Tuesday, July 27, 2010

Senior year?! College applications?! Since when?!

Well, today I had an epic freak-out moment. Does anyone realize that it's almost August? Meaning that summer is less than a month from being over? Am I the only one who has noticed this? So, in a few weeks, I'll be starting my final year of high school. And here's all that I have to think about, the big, the small, and the insignificant for the future.

1. Senior overalls?! AHHHHH! I just took them out of my closet today to wash...I haven't touched them besides that. I'm just very overwhelmed and am thinking that Coppell is a little ridiculous with this whole senior spirit thing. I mean, they're so cool to look at and all but I never realized the stress that comes with decorating denim! Good heavens!
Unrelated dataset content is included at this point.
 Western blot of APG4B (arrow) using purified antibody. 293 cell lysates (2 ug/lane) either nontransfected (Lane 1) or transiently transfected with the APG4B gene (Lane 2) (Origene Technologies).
2. Homecoming angst...already. Here's the deal: I've had a homecoming date (okay, so it was my boyfriend) every year. And now that I am single (not a bad thing at all in normal life...just in situations like homecoming), I do not have my guarenteed security. I know that it is a pointless waste in money and overdone and stupid as all get-out. But this year when I'm in my classes and I'm the only one without a mum (as annoying as they are)...well, it should be a trying day. I'm not self-absorbed or anything. But I just hate the feeling of being left out.

3. Prom. Yes, I'm already slightly worried about that. Even though I shouldn't be. It'll be a great night of awesome but there's that whole issue of what group I'll be with, if I'll have a date, will someone else be wearing my dress...etc. It's just not good.

4. College applications. I'm taking a break to finish my OSU one right now. It's the only college I'm applying to with an application fee. It's also the only college right now that's open to the public because the Apply Texas schools don't open early application until August 1st...the day I leave for Pine Cove.

I just feel like senior year has suddenly snuck up on me and I am so not ready for it yet. It's a frightening feeling.

But here's the cool part. Senior year is going to start fast and get faster. Things are going to start changing soon. But God will worry about it for me. I don't need to. That's what I have to keep thinking about. "'For I know the plans I have for you,' declares the LORD, 'plans to prosper you and not to harm you. Plans to give you hope and a future.'" I have hope; I have a future. But only in God. All this senior madness is going to come at me like a fastball. But God will be my home-run hitter just like Josh Hamilton is to the Rangers; I can always count on Him.